We find Paradise in Placencia
          On Monday January 21st we were driven to the Belize municipal airport in the hotel's Isuzu. Belize has an international airport, with a full sized runway and jets from the USA and so on. The municipal airport is a narrow strip of macadam next to the bay, barely long enough for the single engine Cessna turboprops constantly coming and going. The two domestic airlines fly up and down the coast, connecting five cities and two islands with scheduled flights, and stopping to drop off and pick up passengers at numerous other strips on request. Belize has three 'highways' radiating from the capital. Two of them are paved. The one to the south is not. So we flew down to Placencia.

          Most of the 'surf' offerings of Belize center around their Cayes, islands along and surrounded by the barrier reef. I chose instead a small town at the end of the world.

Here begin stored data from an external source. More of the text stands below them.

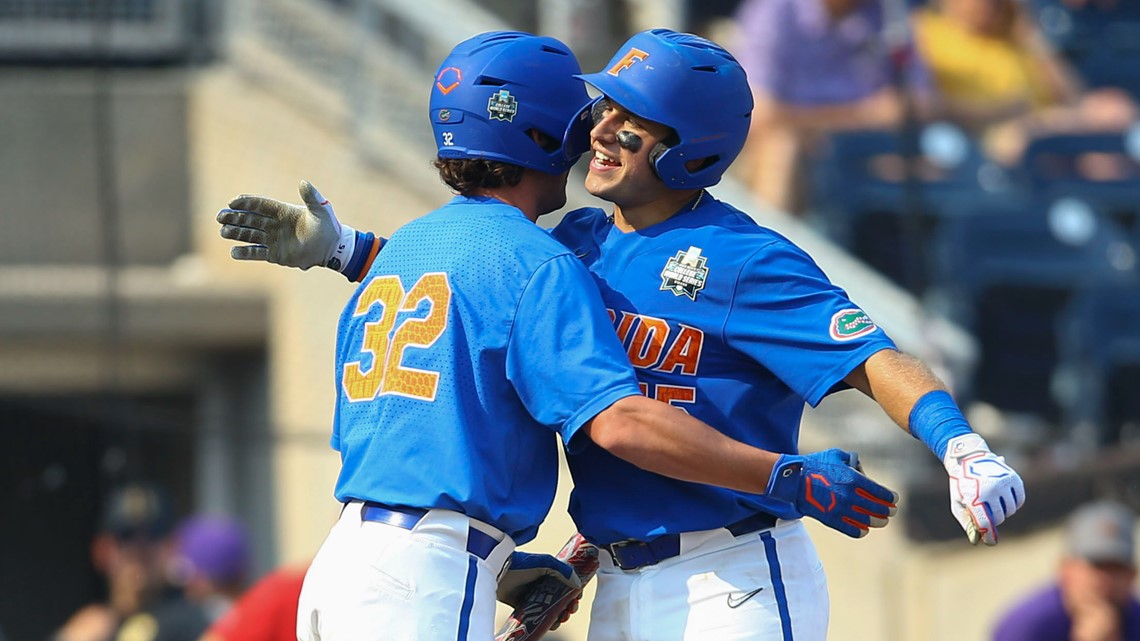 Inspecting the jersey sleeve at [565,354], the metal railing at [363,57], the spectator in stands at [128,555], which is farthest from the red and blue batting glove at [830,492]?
the metal railing at [363,57]

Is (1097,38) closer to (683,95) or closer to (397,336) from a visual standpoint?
(683,95)

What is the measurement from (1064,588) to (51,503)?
402 cm

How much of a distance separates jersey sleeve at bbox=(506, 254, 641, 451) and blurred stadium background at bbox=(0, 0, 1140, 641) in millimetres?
3724

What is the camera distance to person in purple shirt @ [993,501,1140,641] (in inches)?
233

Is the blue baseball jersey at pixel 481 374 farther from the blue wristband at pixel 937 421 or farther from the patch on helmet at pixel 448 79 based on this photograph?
the blue wristband at pixel 937 421

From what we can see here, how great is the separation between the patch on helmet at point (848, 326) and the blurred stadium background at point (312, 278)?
11.4 feet

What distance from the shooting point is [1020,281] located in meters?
7.56

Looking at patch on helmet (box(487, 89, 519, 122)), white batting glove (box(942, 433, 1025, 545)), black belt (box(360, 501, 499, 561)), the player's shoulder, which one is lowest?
black belt (box(360, 501, 499, 561))

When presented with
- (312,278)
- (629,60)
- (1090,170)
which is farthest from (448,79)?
(1090,170)

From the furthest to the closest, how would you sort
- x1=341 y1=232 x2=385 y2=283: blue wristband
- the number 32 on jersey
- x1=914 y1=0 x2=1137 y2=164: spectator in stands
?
x1=914 y1=0 x2=1137 y2=164: spectator in stands
x1=341 y1=232 x2=385 y2=283: blue wristband
the number 32 on jersey

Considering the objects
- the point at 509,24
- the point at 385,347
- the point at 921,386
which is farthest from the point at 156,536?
the point at 921,386

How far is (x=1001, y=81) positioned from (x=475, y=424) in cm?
597

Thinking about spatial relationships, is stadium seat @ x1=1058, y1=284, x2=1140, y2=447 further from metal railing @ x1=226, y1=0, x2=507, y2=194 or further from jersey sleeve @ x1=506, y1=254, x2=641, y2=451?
jersey sleeve @ x1=506, y1=254, x2=641, y2=451

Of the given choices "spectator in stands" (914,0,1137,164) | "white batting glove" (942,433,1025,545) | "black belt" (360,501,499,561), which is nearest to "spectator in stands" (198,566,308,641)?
"black belt" (360,501,499,561) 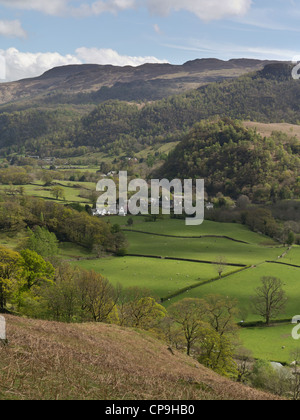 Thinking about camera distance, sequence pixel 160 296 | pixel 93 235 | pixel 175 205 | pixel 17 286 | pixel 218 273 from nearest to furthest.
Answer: pixel 17 286 → pixel 160 296 → pixel 218 273 → pixel 93 235 → pixel 175 205

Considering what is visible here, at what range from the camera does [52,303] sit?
45.6 meters

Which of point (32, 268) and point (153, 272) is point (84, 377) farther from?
point (153, 272)

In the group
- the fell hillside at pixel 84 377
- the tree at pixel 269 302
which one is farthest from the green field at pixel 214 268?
the fell hillside at pixel 84 377

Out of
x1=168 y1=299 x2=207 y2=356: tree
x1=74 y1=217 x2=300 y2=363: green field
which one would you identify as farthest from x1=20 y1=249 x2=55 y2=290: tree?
x1=74 y1=217 x2=300 y2=363: green field

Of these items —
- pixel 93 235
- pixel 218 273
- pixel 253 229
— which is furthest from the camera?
pixel 253 229

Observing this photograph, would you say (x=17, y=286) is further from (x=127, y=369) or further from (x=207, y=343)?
(x=127, y=369)

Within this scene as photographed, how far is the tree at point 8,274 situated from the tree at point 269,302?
3831 centimetres

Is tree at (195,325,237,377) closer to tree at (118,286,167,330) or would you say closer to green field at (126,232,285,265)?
tree at (118,286,167,330)

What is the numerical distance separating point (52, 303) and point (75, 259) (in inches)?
1945

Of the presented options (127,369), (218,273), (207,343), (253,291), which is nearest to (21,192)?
(218,273)

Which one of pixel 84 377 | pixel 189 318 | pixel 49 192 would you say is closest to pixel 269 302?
pixel 189 318

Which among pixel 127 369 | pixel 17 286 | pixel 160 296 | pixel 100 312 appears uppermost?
pixel 127 369

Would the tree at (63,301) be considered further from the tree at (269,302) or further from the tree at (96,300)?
the tree at (269,302)

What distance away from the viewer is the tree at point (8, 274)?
45.5 meters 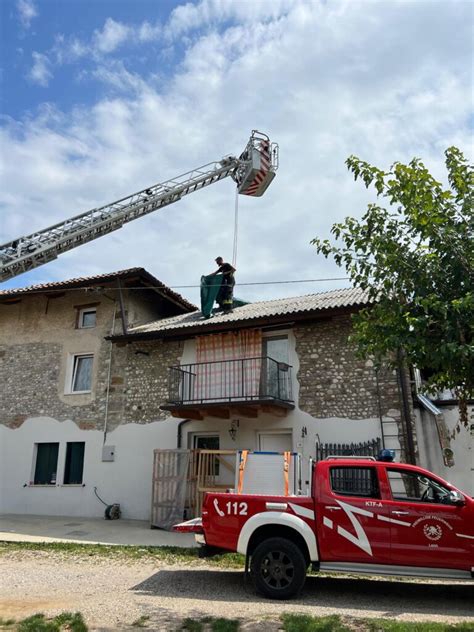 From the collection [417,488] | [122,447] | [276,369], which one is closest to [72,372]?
[122,447]

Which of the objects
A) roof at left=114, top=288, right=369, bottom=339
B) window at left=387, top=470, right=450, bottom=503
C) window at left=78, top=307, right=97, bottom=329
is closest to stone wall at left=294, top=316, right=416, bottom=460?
roof at left=114, top=288, right=369, bottom=339

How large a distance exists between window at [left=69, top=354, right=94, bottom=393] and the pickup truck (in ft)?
32.1

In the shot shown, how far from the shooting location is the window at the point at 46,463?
14641 millimetres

At the end of 20 miles of sand peninsula, without much of a road, actually. Long favored by backpackers, the village of Placencia is growing fast. Probably they will pave the road in a few years and there goes the neighborhood! For now it is just right. The main street is a cement sidewalk. The biggest hotels in the village have 10 or a dozen rooms. (there are larger places, but they are our of town, north of the airport) We had a second floor room right on the beach. The room was pretty basic, but full time electricity and hot water seemed deluxe to us. We spent five days. We relaxed and had a wonderful time.

          There is also a potholed road down through town, where the supermarket and the hardware store and the banks are. Most of the restaurants and hotels and dive operators etc. were located off the three foot wide main 'street.' In fact when the taxi brought us from the airport, he drove off the single road into an unpaved lot and advised us that our hotel could be found by walking around the house and across the sidewalk. Which it could. And we did. Everything was within walking distance -- even the airport was only about a mile away. Except for the main street (sidewalk) and the road (slightly paved but very potholed) everything was deep white beach sand. We walked up and down the beach and across the peninsula. We ate and swam (a little) and sunned (even less) and read in our hammocks under the palapa.

          When I was a boy I spent a week on a small Bahamian island. The feeling here took me back to that simpler time. There are about a thousand residents in Placencia, and while we were there seemed to be only one or two hundred tourists. Children run free, time stands still (nearly so) and everybody seems happy. The climate was balmy: days in the low 80s and nights in the high 70s, always with a sea breeze. We wore sandals and shorts pretty much the whole time. It was a perfect 'mellow' destination.

          We actually did try to get out and do something besides relax. One morning we joined another couple and a guide who took us by boat to the nearest reef for a morning of snorkeling. The coral was varied and colorful and the fish were out of Dr. Seuss. Mark, our guide, knew just where to take us to stay in the lee of the small islands and find the best underwater scenery. Another day I rented an overgrown golf cart and we drove up the peninsula to the nearest town, Siene Bight.

          Seine Bight is larger than Placencia, and much less touristy. Its population of about 2500 is mostly Garafuna. Perhaps it is time to say more about Belize's richly diverse population. The oldest non-native segment of the population (25%) is Creole (Kriol), descended from intermarriages between English and Scottish loggers and Africans brought to the Caribbean as slaves. The largest (50%) is made up of self identified Mestizos , Spanish speakers who emigrated from Mexico and Guatemala, mostly of mixed Spanish and Amerind descent. Mayans still constitute 11%. Mennonites are more visible than one might expect from their 3%. Racial tension appears to be rare. There is a lot of mixing, and many people identify themselves as simply 'Belizian.'

          In Seine Bight we visited the studio of a local artist then stopped at a roadside bar where some construction workers were having beers with a truck driver at 11am. We asked around, and were directed to a dilapidated restaurant for lunch. There we found plain but excellent food (chicken, rice, and beans again) in the most unassuming surroundings. I know I put too many links to other web pages in these travelogs, but HERE is one that really captures what we found in Seine Bight.

          We had hoped to kayak in the lagoon protected by the Placencia peninsula, but the ever present trade winds kicked up whitecaps for our last two days, making that impossible. We also had a bit of rain, tropical and short lasting. There is a weekly passenger ferry to Honduras which was turned back by what one passenger reported as "ten foot seas." Admittedly the ferry boat was probably less that 40 feet long, powered by twin outboards, but . . . .

          Saturday, January 26th, came too fast. After five days we had thoroughly adapted to the slow pace of the town, and were reluctant to get back on the road. But that will be a story for the next email.